The biggest complaint against using greylisting is that it will almost certainly cause some email to be delayed. The first message from a particular sender at a particular location will, under most circumstances, take at least an hour to be delivered. If a user is on the telephone with the recipient and an email is sent, the email won't immediately come through unless the sender is already in the greylist. This has happened to me only once in the 3 months we've been using greylisting. Some users may be intolerant of this delay. The good news is that some greylist implementations allow you to configure the greylisting on a per-user basis.

Many greylisting implementations have a "learning" mode to help decrease delayed email from legitimate senders when greylisting is first turned on. In learning mode, the greylist goes through all the motions but never rejects messages. The database is then primed with frequent senders. Run in learning mode for the first few days or weeks to reduce the impact to your users.

Outgoing mail may also be delayed because of a technique called "SMTP callbacks". SMTP callbacks are used by some mail servers to try to combat forged sender addresses. When a mail server gets a message claiming to be from a particular user, a connection is made to a mail server for that domain to check that it will accept email for that sender address. If this happens from one of your users, the greylisting software may cause the remote server to deny the message until after the greylisting period expires.
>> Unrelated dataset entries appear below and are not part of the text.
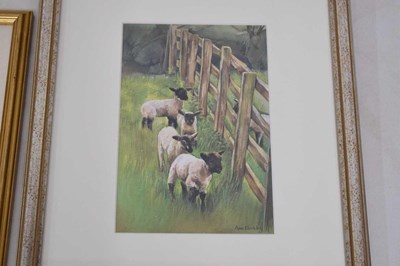 Lot 496 - Ann Blockley (British, Modern) - Two watercolours - Sheep, lambs and a signed print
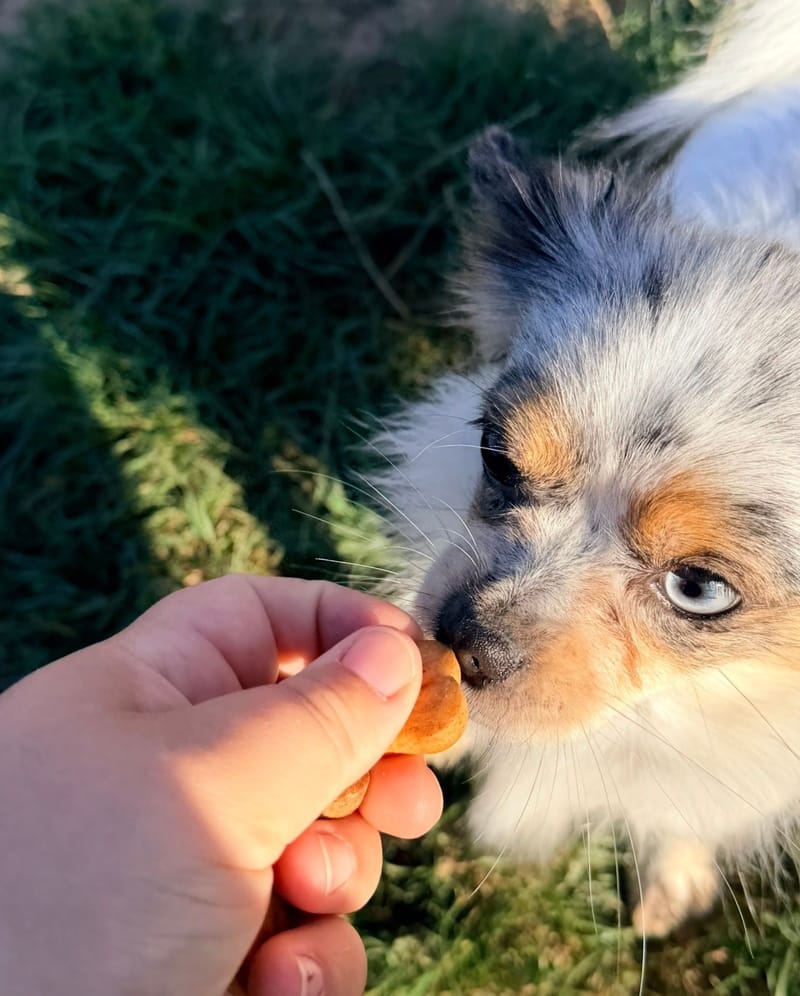 Neige - Pomchi - 800€ 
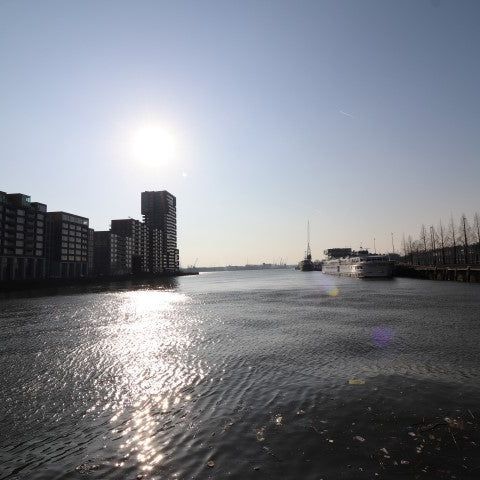 Te huur: Studio Schiehavenkade 352 in Rotterdam - Foto 1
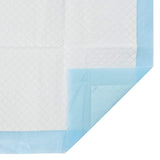 Non-woven Fabric Pet Training Pad 400 pcs Blue and White 42025323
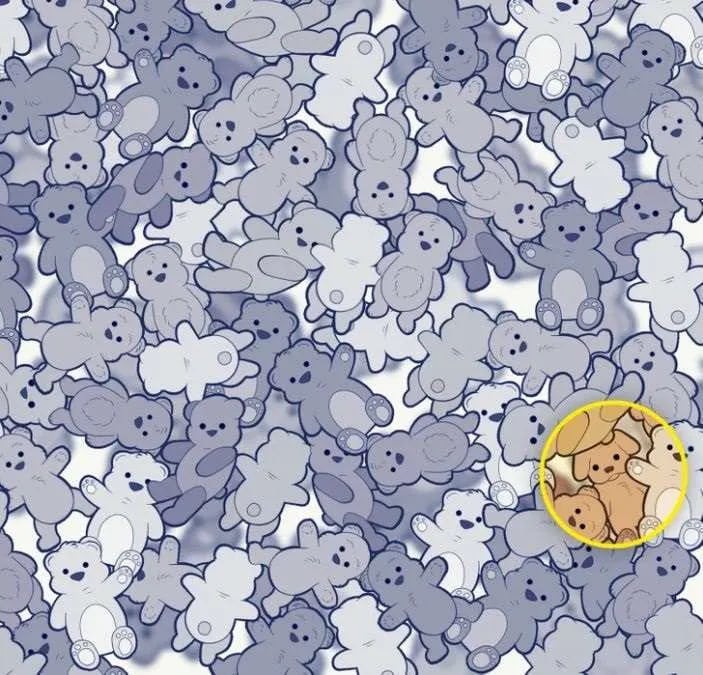 Тест на IQ: потрібно знайти собаку серед плюшевих ведмедиків за 12 секунд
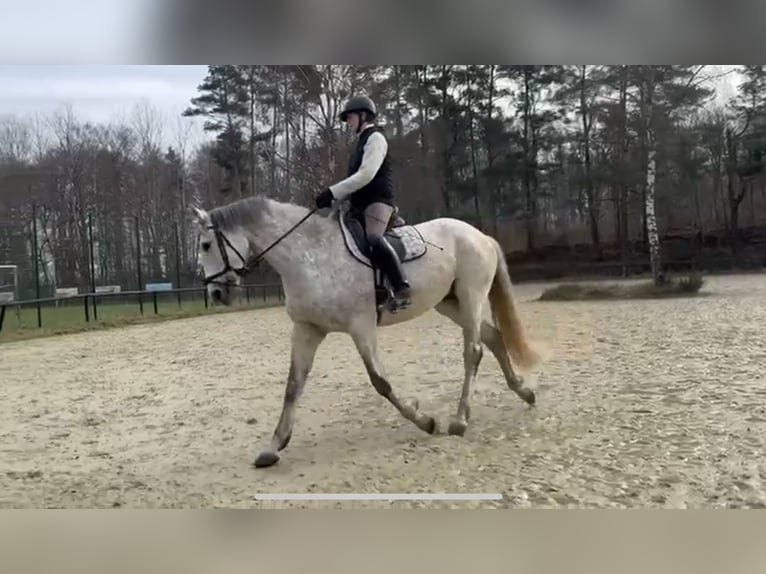 Polnisches Sportpferd Stute 13 Jahre 166 cm Fliegenschimmel in Mainz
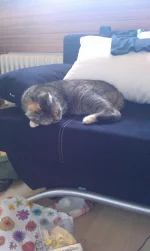 IMG-20150902-WA0002.webp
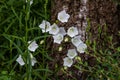 Campanulas Carpatica Alba white, as a background
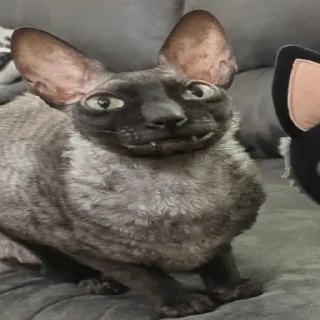 🤭 emoji мемсы Telegram sticker 14 of 22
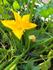 Sustainability  Banner Photo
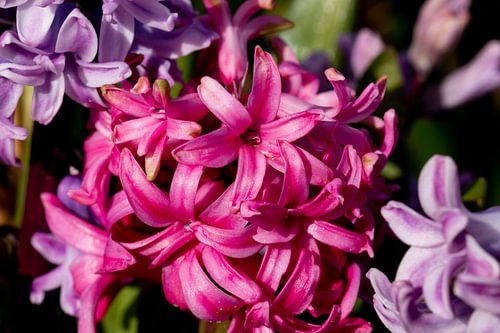 Hyacinth
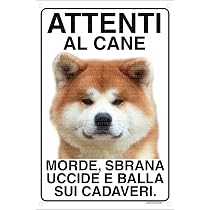 AKITA INU Attenti al cane morde sbrana uccide e balla sui cadaveri ...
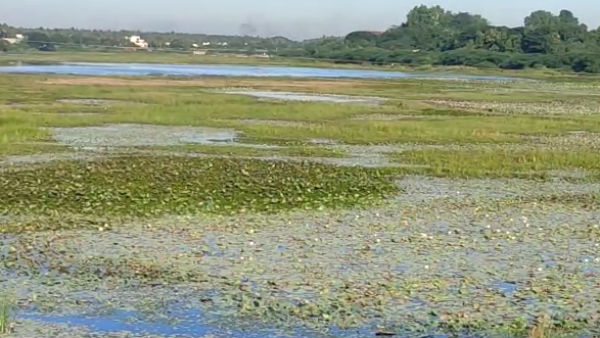 மருத்துவக் கல்லூரி 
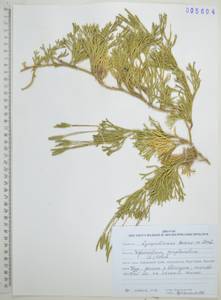 Diphasiastrum complanatum (L.) Holub, Siberia, Russian Far East (S6) (Russia)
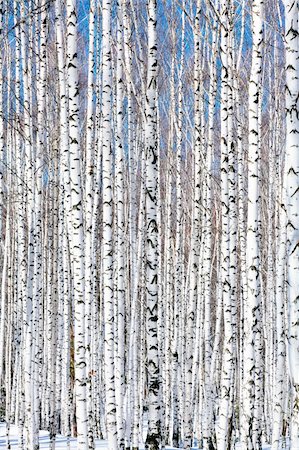 simsearch:400-05308316,k - Winter birch forest - winter serenity. Ideally suits for calendars. Foto de stock - Super Valor sin royalties y Suscripción, Código: 400-04241812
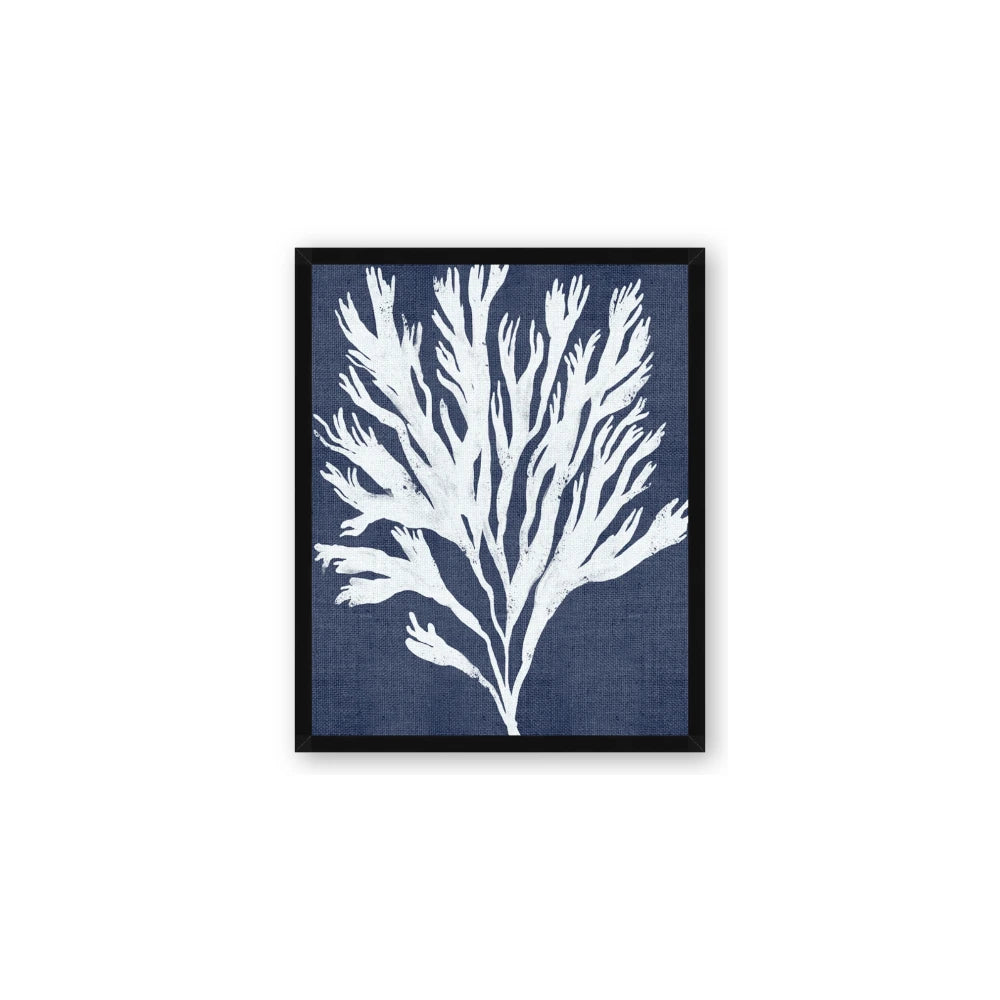 Navy Coral II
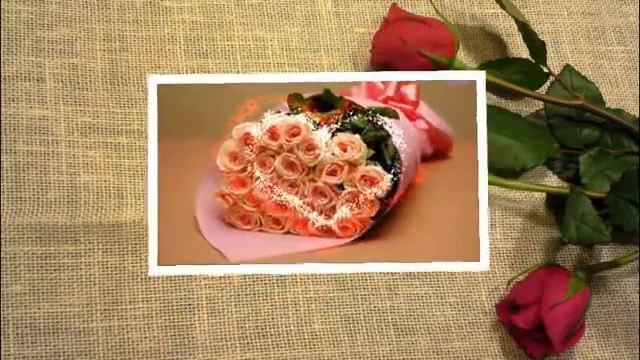 с днем рождения светочка смотреть онлайн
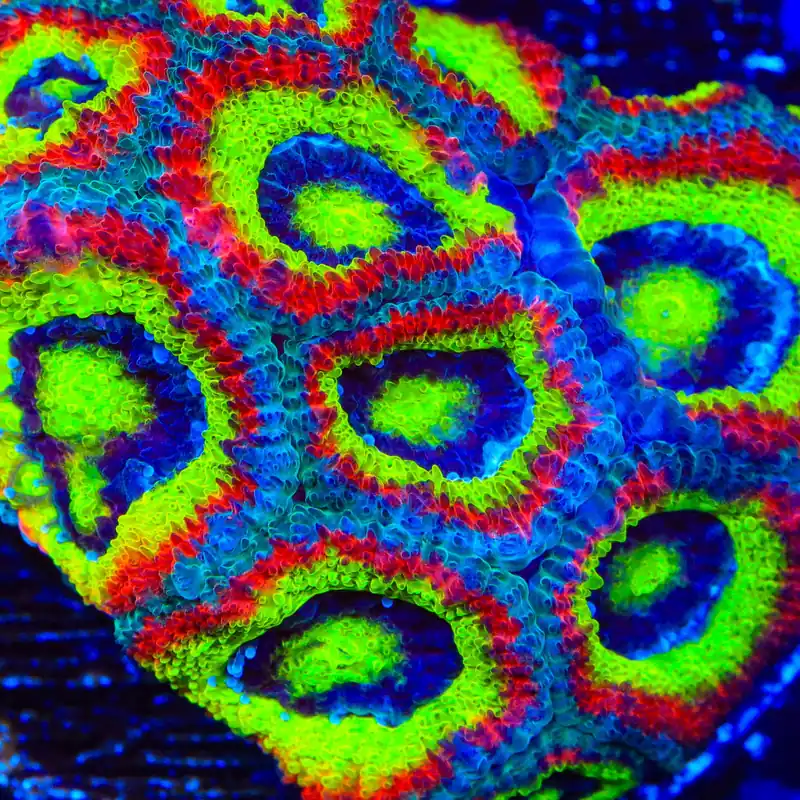 F2M Holy Grail Micromussa Acan Coral - TSA Coral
SMTP callbacks should be made obsolete by SPF (Sender Policy Framework), so this will become less and less of a problem for greylisting hosts.

A bigger problem is caused by mail servers that randomly use IP addresses in a pool for sending a particular message or that vary the sender address with every message or every mail attempt. For example, Google's Gmail will usually connect from a different IP address each time it tries to re-deliver a message. Some mailing lists will try to track bounces to individual messages so that every message sent will have a different sender address.

A whitelist is kept of the known addresses for which this is an issue, so that messages from affected providers can bypass greylisting. Another recommendation is that, instead of using the literal IP address of the sender as part of the triple, one could mask off the address to the top 24 bits, for example, without dramatically reducing the effectiveness.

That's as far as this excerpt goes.